P.S. for statically linked ecosystems like Go, the bugs are especially useless, and hundreds or thousands are filed, a bug against every package that depends on golang, after each golang CVE (usually at least one per monthly Go release), whether or not the package actually uses the impacted component. This results in thousands of bugs. We could be super safe and mass rebuild every Go package every time but this isn't practical to do on stable branches, only provenpackagers can do it properly since some Go packages have the PR required feature turned on, and it takes a lot of time.

We could be super safe and mass rebuild every Go package every time but this isn't practical to do on stable branches, only provenpackagers can do it properly since some Go packages have the PR required feature turned on, and it takes a lot of time.

Yeah, this part tanks. I'd like to see if we can make progress on changing this. If we can integrate an approach on top of #3501 in Koji, then rebuilds will not require provenpackager powers, since anyone can build any package in Koji as long as there's no need to change anything in Git.
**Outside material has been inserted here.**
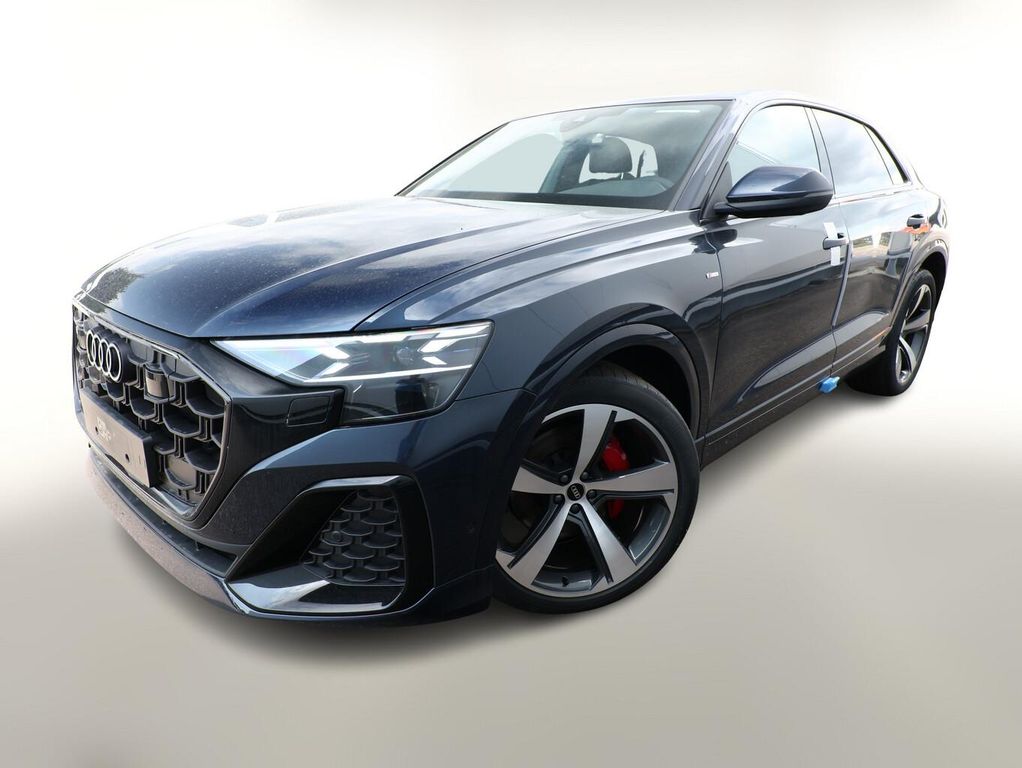 Audi Q8 S line 50TDI Facelift 2xS AssistenzP+ Lase...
Fedora currently has 6664 unresolved bugs with "CVE" in the title (query).

This is also ... quite misleading. For bugs that are filed by automation, there are a multiple bugs filed: 1 toplevel tracking bug + (1 bug for each active Fedora (and EPEL) branch) × (1 + number of packages where really really dumb "heuristics" determine that the project is "bundled"). So that number can grow pretty quickly without the impact actually being big.

For example, we had a CVE for the idna Rust crate, which had a (low severity issue). This resulted in dozens of bugs being filed, about half of which were bogus because the heuristics for "is this project bundled here?" were just wrong.
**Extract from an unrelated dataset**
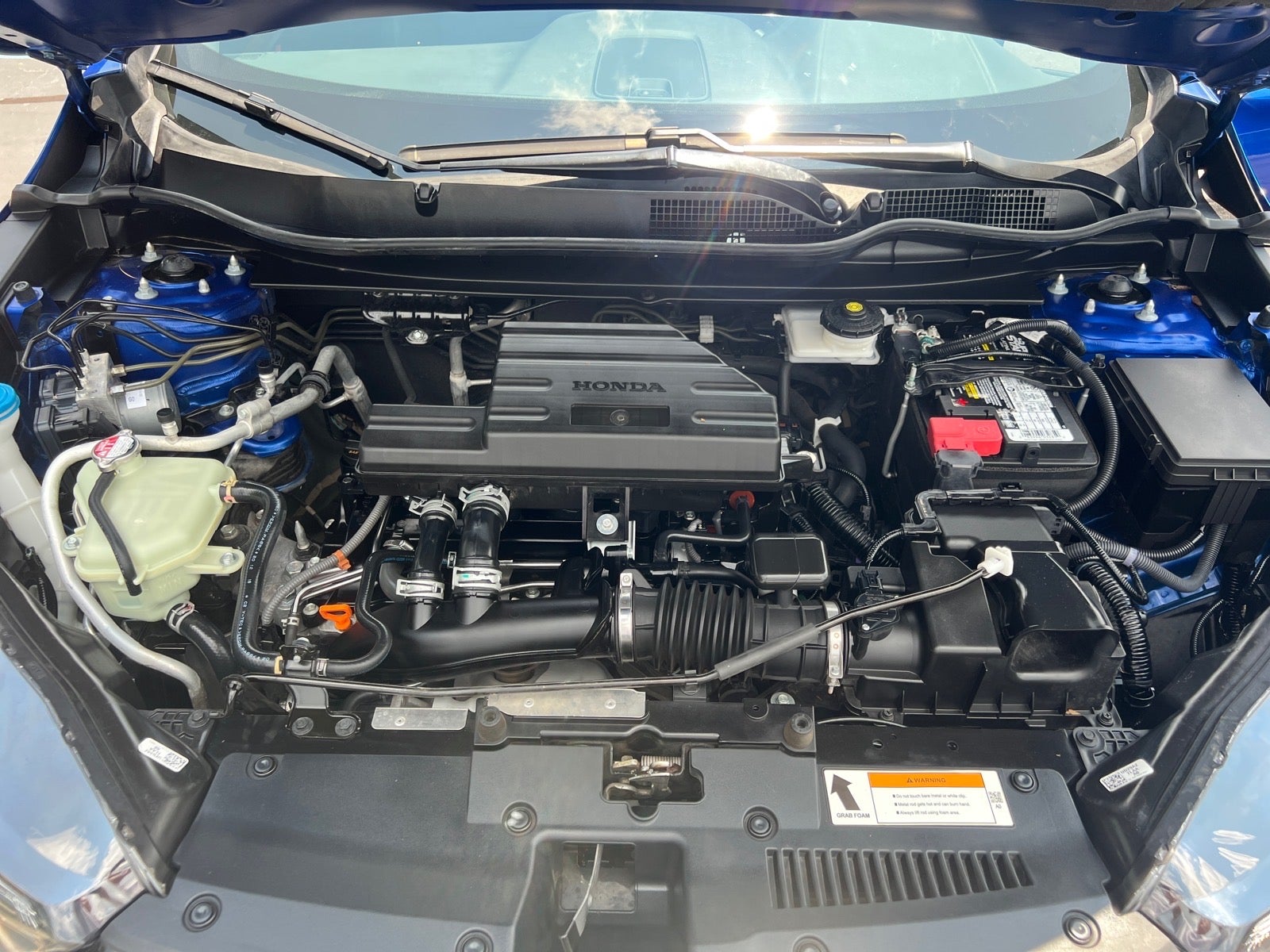 2021 Honda CR-V EX-L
We tried cleaning up CVEs in EPEL a few years ago and after a while the effort fizzled, partly because a lot of these are, as noted, false positives and it got tedious.

What we might want to do is follow up with the team generating these CVE bugs - I have not gotten traction following up individually - because getting tagged for Javascript CVEs that are in documentation code that is not even being shipped is just silly at first, and downright tedious the 1000th time.

And we don't have automation to auto-close such bugs (ideally with an email to the person submitting it so they ... get to feel some of the impact)

I have gotten to the point of ignoring ffmpeg related CVE bugs because they're filed on everything and they are very often wrong too. It's just so much pain to slog through.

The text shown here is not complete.